The same applies to content. There’s a running joke in the world of thought leadership that everything that goes around comes around: Wait a few years, and the same concepts will reappear—usually with a catchy new name, a framework with a snazzy acronym, or a sprinkle of jargon to make them seem fresh. The bottom line: The wheel of ideas is rarely reinvented.
But what can and should be regularly reinvented is how content is presented and delivered. The real secret of breaking through and boosting your brand’s visibility is innovating on those dimensions. If your audience (and you know exactly who that is, right?) isn’t finding your content, your content needs to find your audience.
Superior execution improves the odds of that happening. But it also demands thinking differently about what thought leadership really is. Too often, it’s pigeonholed as an article of a few thousand words, maybe with a chart or three. Or as a long report, rigorously researched and syndicated within an inch of its life.
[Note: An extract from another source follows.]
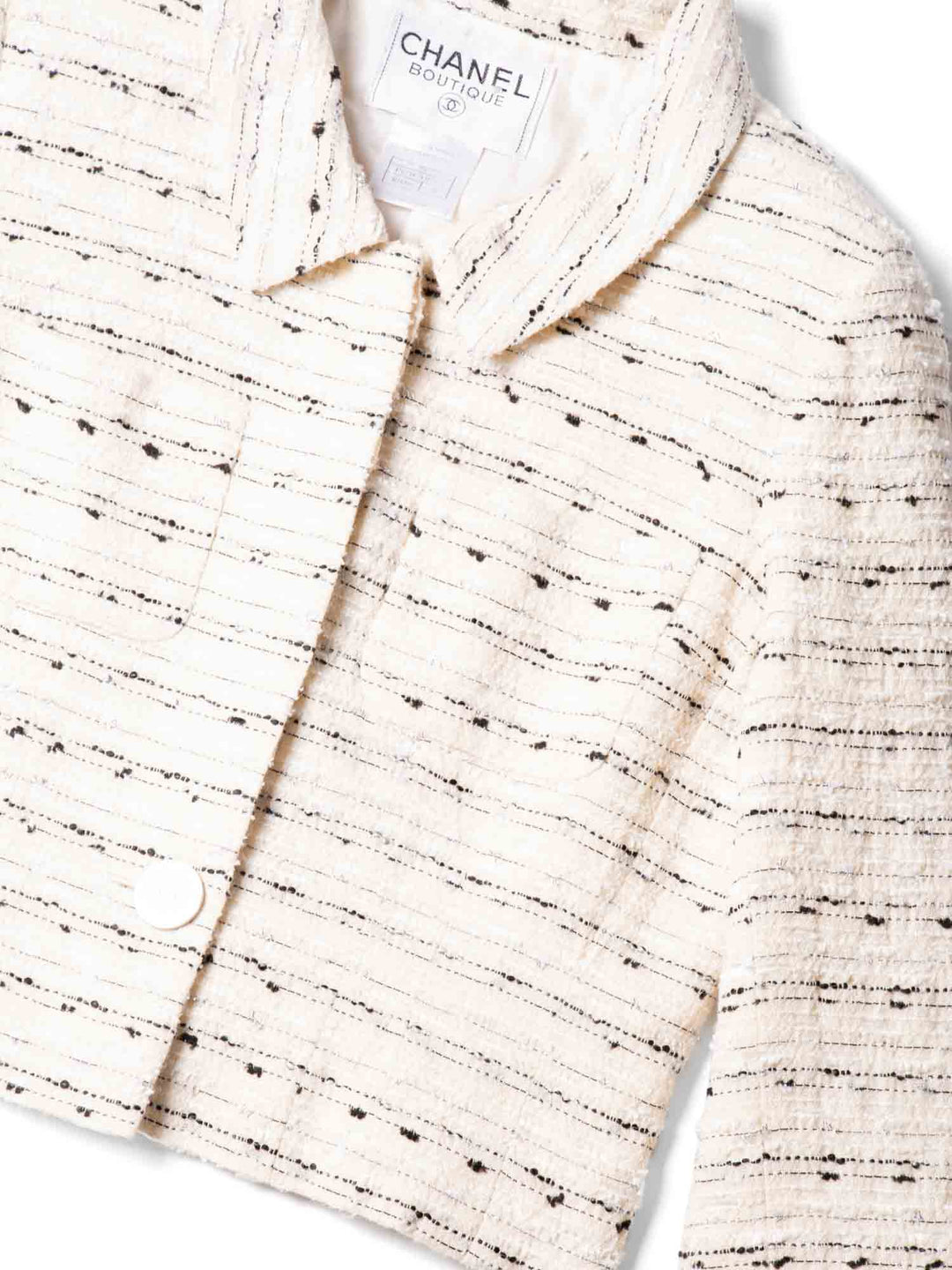 Top Quality Chanel CC Logo Lurex Tweed Cropped Jacket Ivory Black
Just to be clear: Both articles and reports can be fantastic and the best way to convey critical thinking.
But an article or report can and should also be a springboard for an integrated content marketing effort. Vital insights can be delivered through a 50-character social media post or a LinkedIn blog. A single data point presented in a chart can make someone think entirely differently about how they approach a thorny business problem, while a podcast can showcase not only distinctive thinking but also the personality of those with the big brains that are driving it. If you can add layers of accessibility to your content—each delivering a deeper experience—you’re meeting your audience wherever they are, with whatever time they have.
And innovation extends beyond formats for discrete pieces of content. Would your time-pressed audience benefit from a succinct summary of the week’s best thought leadership, delivered in a Saturday morning email written with some verve and personality? What about a mobile app that marries your content with other external sources, positioning you as a convener of the thinking that best helps your clients? Or how about a LinkedIn newsletter that cultivates an online community of engaged businesspeople?
We’ve long noted that thought leadership’s power as a content form stems from its ability to advance an organization’s reputation and build relationships with users, which ultimately results in revenue generation. But none of that is possible when thought leadership is simply drowned out. In a world of increasingly commoditized content, thinking innovatively about how, where, and when thought leadership is presented is a critical differentiator.